But the federal government appealed the decision on the basis that E.F.'s prognosis is not terminal and her underlying medical condition is psychiatric in nature. As evidenced by its needlessly restrictive Bill C-14, the federal government has continually drawn a hard line on assisted dying, making the case that only those whose natural death is “reasonably foreseeable” can qualify and excluding those with psychiatric conditions.
The Alberta appeal court responded with a scathing dismissal, saying the federal government is not in compliance with Carter when it attempts to prevent people with psychiatric conditions from seeking assisted deaths. The three judges said the Liberal government’s rationale for appealing E.F.'s case “is not supported by the words of the decision as a whole, nor by the principles articulated in the decision.” The judges concluded that "there is no question" E.F. is eligible for assisted dying based on the guidelines put forth by the Supreme Court.
They added, “Given the importance of the interests at stake, it is not permissible to conclude that certain people, whose circumstances meet the criteria set out in the Carter 2015 declaration, and who are not expressly excluded from it, nevertheless can be inferentially excluded.”

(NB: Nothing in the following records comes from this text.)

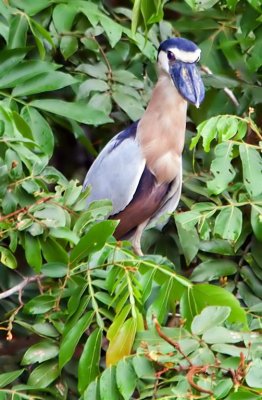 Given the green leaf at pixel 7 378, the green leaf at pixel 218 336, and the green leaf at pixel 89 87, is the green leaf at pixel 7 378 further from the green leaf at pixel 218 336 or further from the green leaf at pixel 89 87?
the green leaf at pixel 89 87

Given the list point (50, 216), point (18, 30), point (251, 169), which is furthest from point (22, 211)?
point (18, 30)

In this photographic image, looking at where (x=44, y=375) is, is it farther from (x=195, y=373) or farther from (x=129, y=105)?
(x=129, y=105)

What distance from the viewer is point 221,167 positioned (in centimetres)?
241

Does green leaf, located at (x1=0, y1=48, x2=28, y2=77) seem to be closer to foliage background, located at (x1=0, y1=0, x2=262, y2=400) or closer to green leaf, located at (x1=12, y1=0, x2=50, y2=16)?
foliage background, located at (x1=0, y1=0, x2=262, y2=400)

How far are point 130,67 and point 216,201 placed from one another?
2.32 feet

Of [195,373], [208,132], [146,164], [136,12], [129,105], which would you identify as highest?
[136,12]

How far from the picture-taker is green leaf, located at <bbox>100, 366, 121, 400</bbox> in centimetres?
208

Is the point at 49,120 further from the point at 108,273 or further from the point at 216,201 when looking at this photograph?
the point at 108,273

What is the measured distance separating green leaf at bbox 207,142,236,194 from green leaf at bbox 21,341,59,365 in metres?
0.48

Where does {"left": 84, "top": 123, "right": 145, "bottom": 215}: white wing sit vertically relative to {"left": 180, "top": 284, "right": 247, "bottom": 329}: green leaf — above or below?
below

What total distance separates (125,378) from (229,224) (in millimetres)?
525

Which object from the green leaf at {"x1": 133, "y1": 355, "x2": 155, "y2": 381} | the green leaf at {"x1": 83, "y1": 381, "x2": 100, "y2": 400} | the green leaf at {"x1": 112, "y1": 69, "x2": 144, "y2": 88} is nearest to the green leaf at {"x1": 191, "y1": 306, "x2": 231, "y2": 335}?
the green leaf at {"x1": 133, "y1": 355, "x2": 155, "y2": 381}

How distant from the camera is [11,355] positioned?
2.82 metres

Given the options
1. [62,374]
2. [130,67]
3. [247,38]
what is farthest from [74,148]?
[62,374]
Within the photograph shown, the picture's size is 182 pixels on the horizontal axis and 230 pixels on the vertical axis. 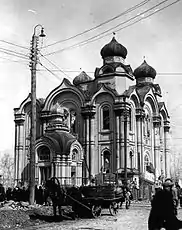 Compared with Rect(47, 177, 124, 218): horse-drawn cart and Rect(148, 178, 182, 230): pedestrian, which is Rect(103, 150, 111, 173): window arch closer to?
Rect(47, 177, 124, 218): horse-drawn cart

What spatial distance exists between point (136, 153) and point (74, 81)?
1514 centimetres

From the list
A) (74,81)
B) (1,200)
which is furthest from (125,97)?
(1,200)

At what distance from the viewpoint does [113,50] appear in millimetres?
49250

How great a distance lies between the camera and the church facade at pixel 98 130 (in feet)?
139

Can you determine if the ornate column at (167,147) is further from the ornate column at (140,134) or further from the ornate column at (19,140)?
the ornate column at (19,140)

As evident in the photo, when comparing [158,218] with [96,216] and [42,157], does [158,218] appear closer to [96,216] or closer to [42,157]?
[96,216]

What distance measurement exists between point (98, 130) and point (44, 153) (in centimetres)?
669

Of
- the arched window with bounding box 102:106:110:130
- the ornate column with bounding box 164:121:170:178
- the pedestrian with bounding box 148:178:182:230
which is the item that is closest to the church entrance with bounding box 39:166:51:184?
the arched window with bounding box 102:106:110:130

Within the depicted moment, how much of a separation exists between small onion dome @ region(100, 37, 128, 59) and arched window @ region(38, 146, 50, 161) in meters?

“It is not appropriate, in our view, to revisit these issues, which were considered at length and decided by the Supreme Court in Carter 2015,” they said.
A clear choice
Dying With Dignity Canada (DWDC) says the ruling should prompt the Liberal government to reconsider its assisted dying bill. “The Alberta court’s decision confirms what assisted dying advocates have been saying for weeks: that the government is offside in its cruel, discriminatory approach to choice in dying,” said DWDC CEO Shanaaz Gokool. “With this ruling, it’s become perfectly clear that Bill C-14 must not be passed in its current form. To do so would force desperately ill patients like E.F. to slog through the court system in order to access what is ultimately their right to die in peace and with dignity.”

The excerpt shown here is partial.